The building’s architecture

The church shows a typical layout of the Romanesque-Umbrian building of the thirteenth century, with the characteristic signs of the Benedictine Order, a peculiarity that gives the building its greatest trait of identity in the panorama of other places of worship in Assisi. It is in fact one of the last examples of monastic architecture in the city after an edict issued in the thirteenth century that new buildings could only be of the Franciscan Order.

Typically Romanesque and made of the characteristic pink stone of Mount Subasio, the facade is rectangular and divided horizontally by a frame of hanging arches and vertically by tripartite pilasters. In this way, it is possible to identify three upper and three lower areas respectively occupied by rose windows set in correspondence of the entrance portals. The central portal, at the base, is flanked by two roaring lions: both the jambs and the archivolt are decorated with a band of racemes; a second archivolt has heads of animals.

Originally, the facade culminated in a tympanum that was demolished after the earthquake of 1832, so today the top of the facade is marked with a stringcourse frame with a long inscription.

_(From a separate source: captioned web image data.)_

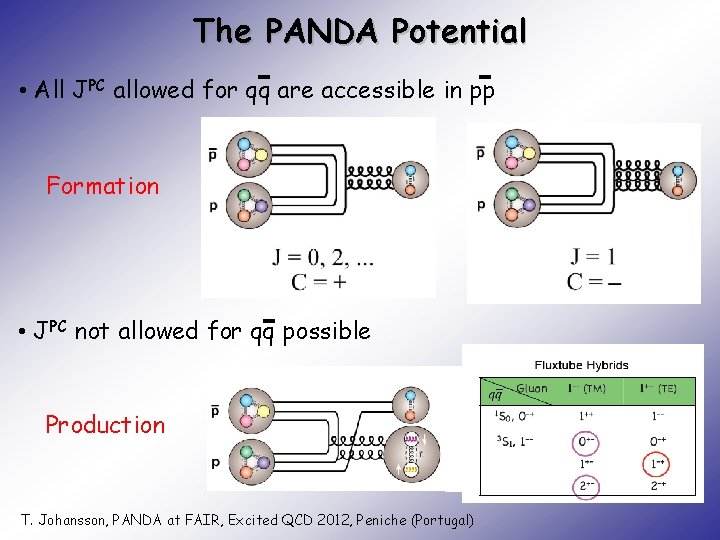 The PANDA Potential • All JPC allowed for qq are accessible in pp Formation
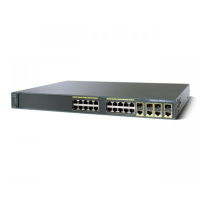 Коммутатор 24xGE, 4xGE/SFP, LAN Base Cisco WS-C2960G-24TC-L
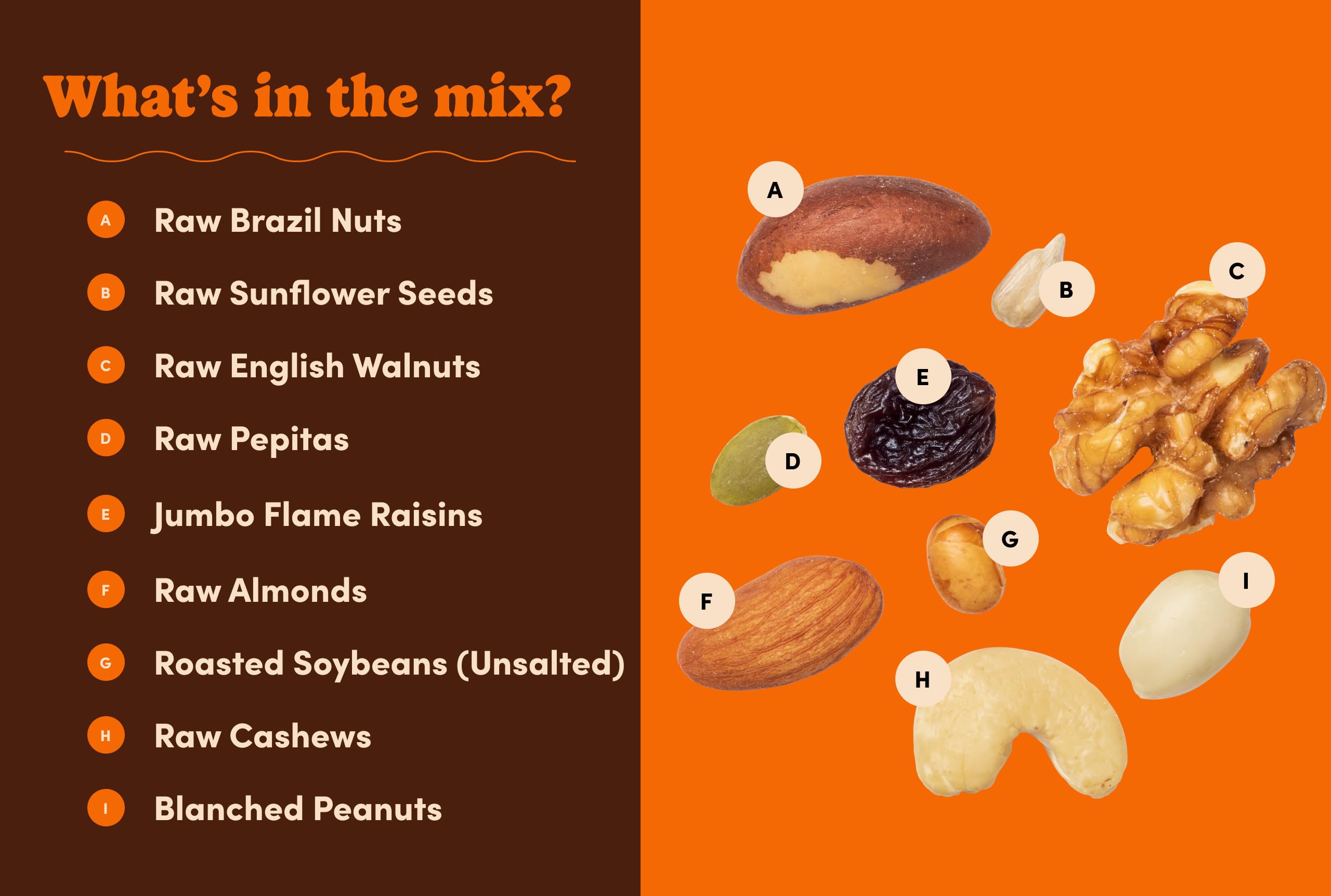 Healthy Trail Mix with Dried Fruit Mixed Nuts & Seeds Gluten Free 30 oz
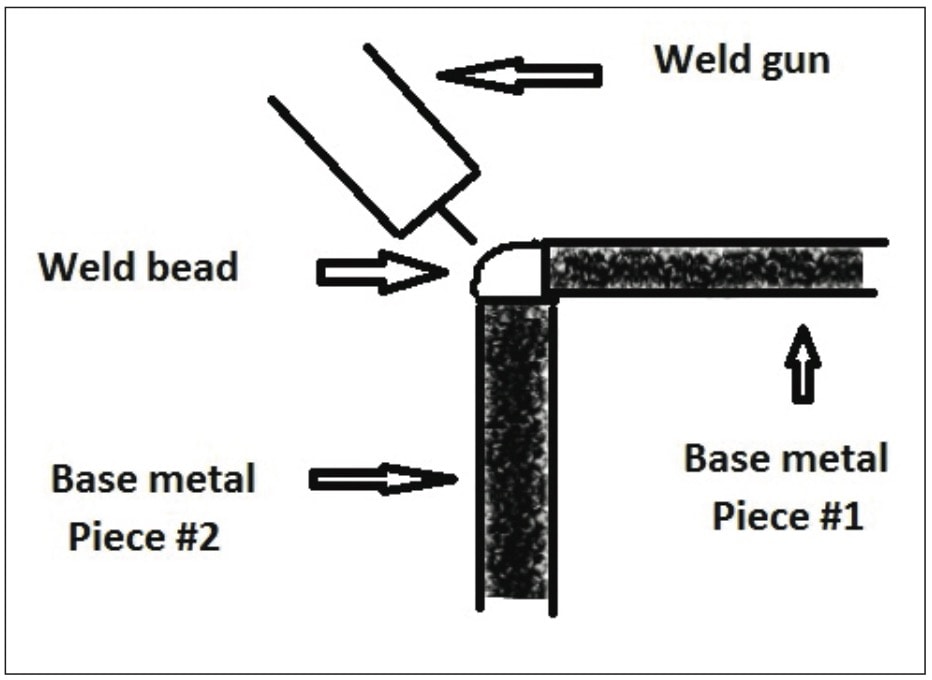How-to-Weld-Corner-Joint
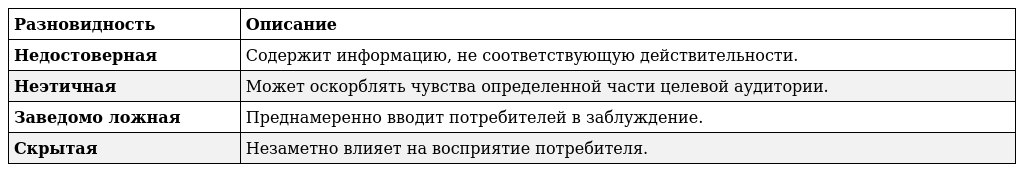Виды законодательства по нутре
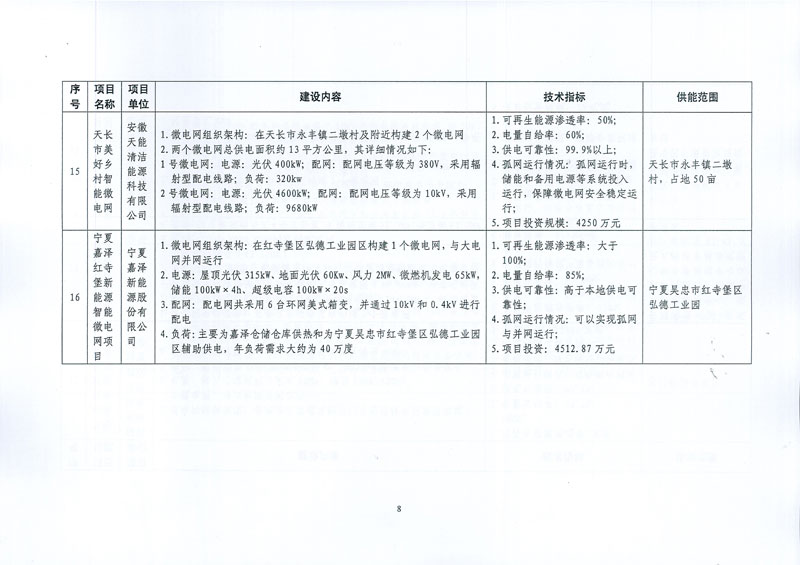 國(guó)家發(fā)展改革委 國(guó)家能源局關(guān)于印發(fā)新能源微電網(wǎng)示范項(xiàng)目名單的通知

The stone interior of the church is divided into a central nave and side aisles by sturdy pillars; there are a raised presbytery, semi-circular apse and dome, which owes its shape to a structure consisting of a series of concentric steps, originally decorated with glazed terracotta.

The central part of the building is opened by ogival arches supporting  the wooden-beamed roof, the side parts with barrel vaults in masonry. There are six tombs of the fourteenth-fifteenth century and remains of frescoes of the same period. The chapel of the Blessed Sacrament, in Gothic style and with a precious triptych by Matteo da Gualdo, is worth noting.